#### [DATA PROVIDED]
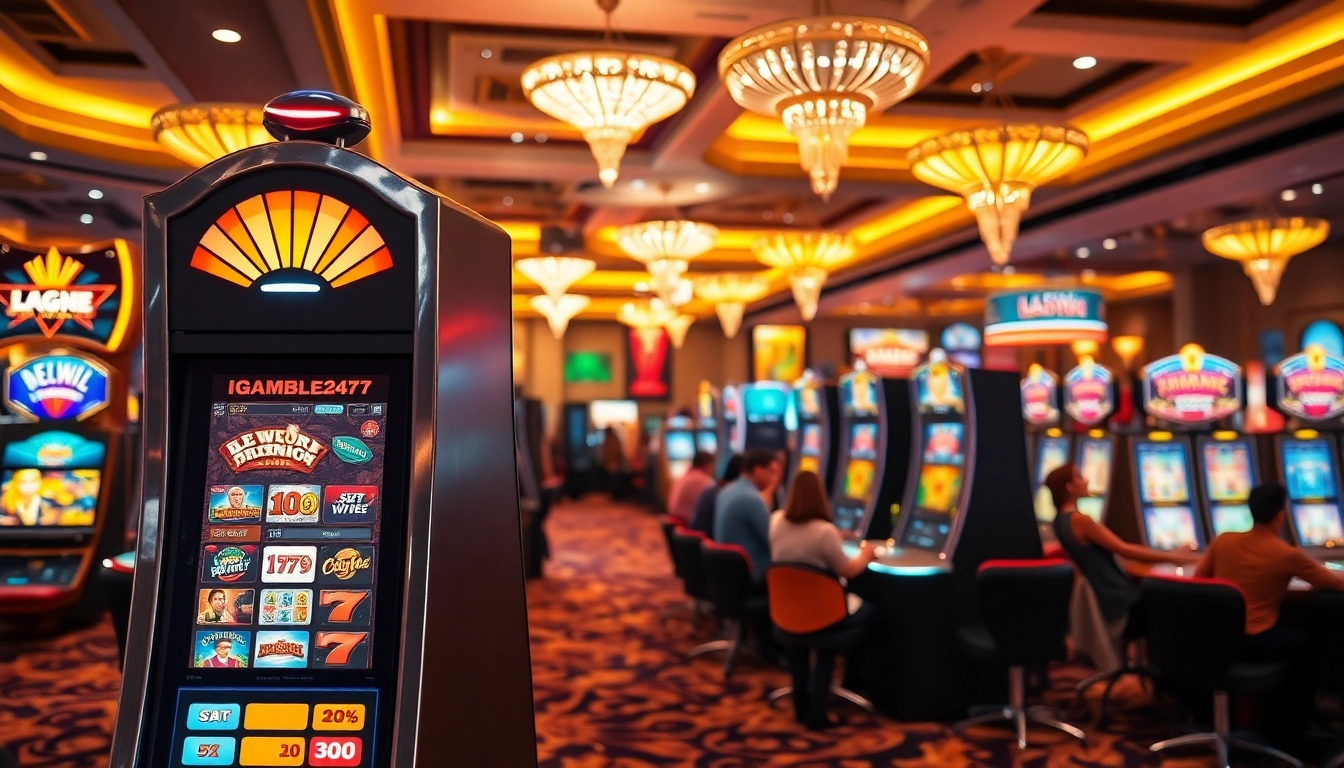 Menangkan permainan menarik pada igamble247 slot di kasino yang ramai.
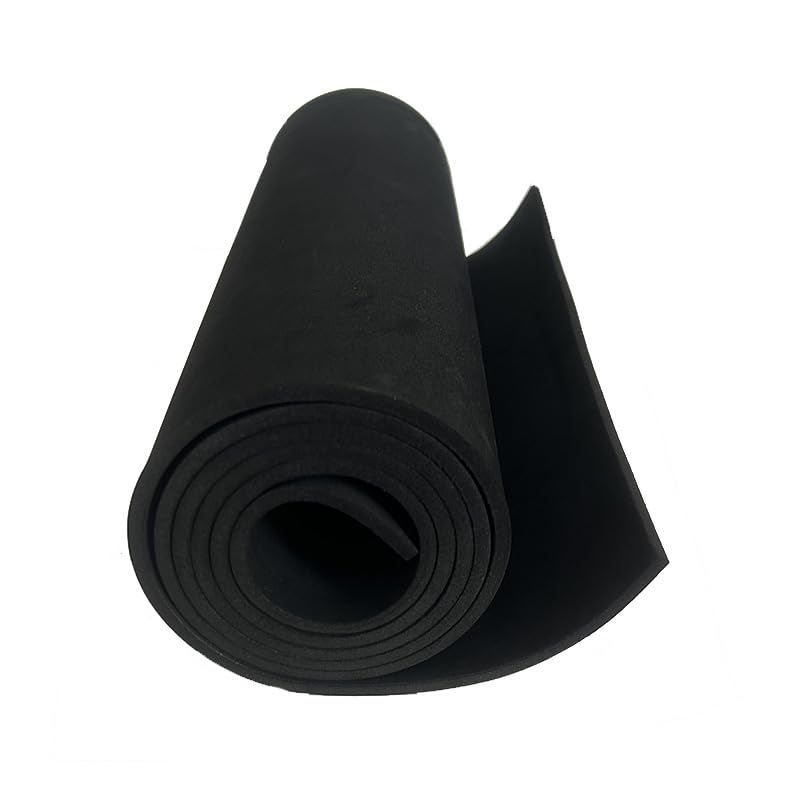 Black EVA Foam Sheet 5mm 35x150cm Thick Premium Cosplay Foam High Density EVA Foam for Cosplay Costume Craft DIY Projects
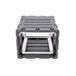 SKB - 3RS Series - 7U Niet-Verwijderbare Shock Rack - Zwart - 24-inch diep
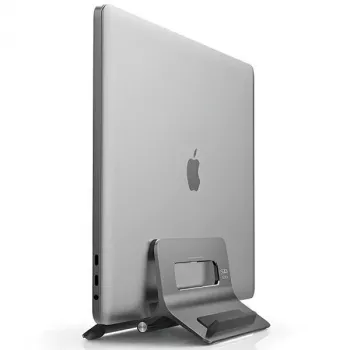 Painovoimajalusta MacBookille harmaa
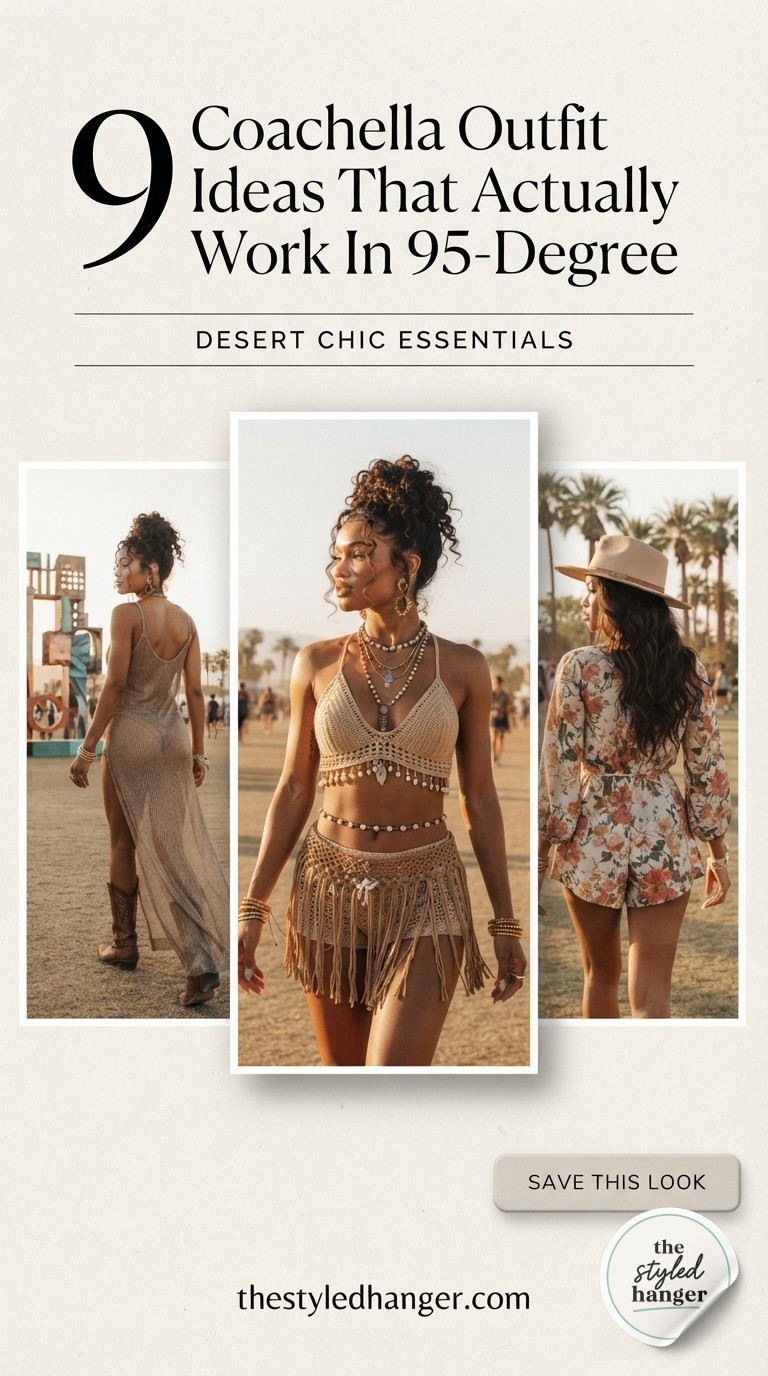 9 Coachella Outfit Ideas That Actually Work In 95 - Degree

#### [WHAT YOU SHOULD DO]
Would you return the material above exactly, apart from its pictures?

#### [RESULT OF THE TASK]
 Menangkan permainan menarik pada igamble247 slot di kasino yang ramai.
 Black EVA Foam Sheet 5mm 35x150cm Thick Premium Cosplay Foam High Density EVA Foam for Cosplay Costume Craft DIY Projects
 SKB - 3RS Series - 7U Niet-Verwijderbare Shock Rack - Zwart - 24-inch diep
 Painovoimajalusta MacBookille harmaa
 9 Coachella Outfit Ideas That Actually Work In 95 - Degree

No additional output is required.